Seminole Nation Museum
Learn about one of the most historically significant communities in Oklahoma at the Seminole Nation Museum. Located in Wewoka, this museum documents and interprets the history and culture of the Seminole Nation. Artifacts, historic photographs and interpretive exhibits chronical the captivating events and stories that shaped the Seminole people.
The Seminole Nation has a complex history. After the United States achieved independence, Florida settlers put increasing pressure on Seminoles to migrate west, despite their long-established history in the region. Conflict escalated as Southern slave-owners discovered Seminole tribes were providing safe havens for escaped slaves. Seminole understood of the profound plight of the African slaves, as European settlers had previously enslaved some tribe members. Confrontation turned into the Seminole Wars, resulting in the near total removal of the Seminole and Black Seminole populations from Florida to Indian Territory, later known as Oklahoma.

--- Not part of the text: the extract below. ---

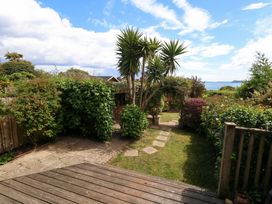 A garden with a pathway and palm tree at Little Gem in Weymouth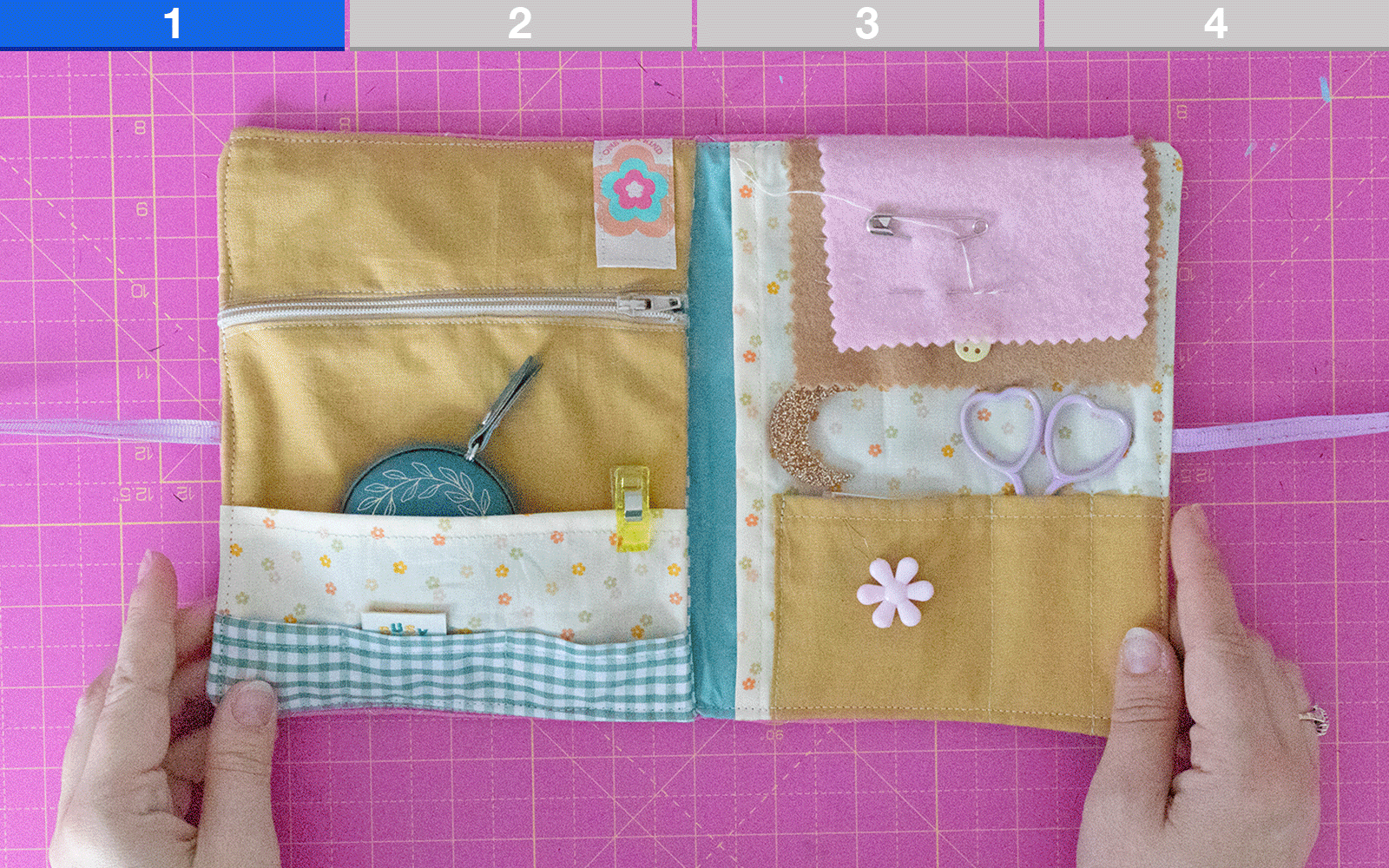 Paige Joanna holding needle storage book sewn on Brother F560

In 1856, the Federal government established a Seminole Nation in Oklahoma. This independent nation consisted of the land between the South and North Canadian River. However, after the Civil War and Curtis Act of 1898 that severely, and often fraudulently, limited Seminole land holdings, a new Seminole Nation was established in Wewoka. The Seminole quickly ratified a constitution and continued to observe their long-held cultural traditions while planning for the future.
Experience in detail the Seminole Nation's integral role in Oklahoma's past and present at the Seminole Nation Museum.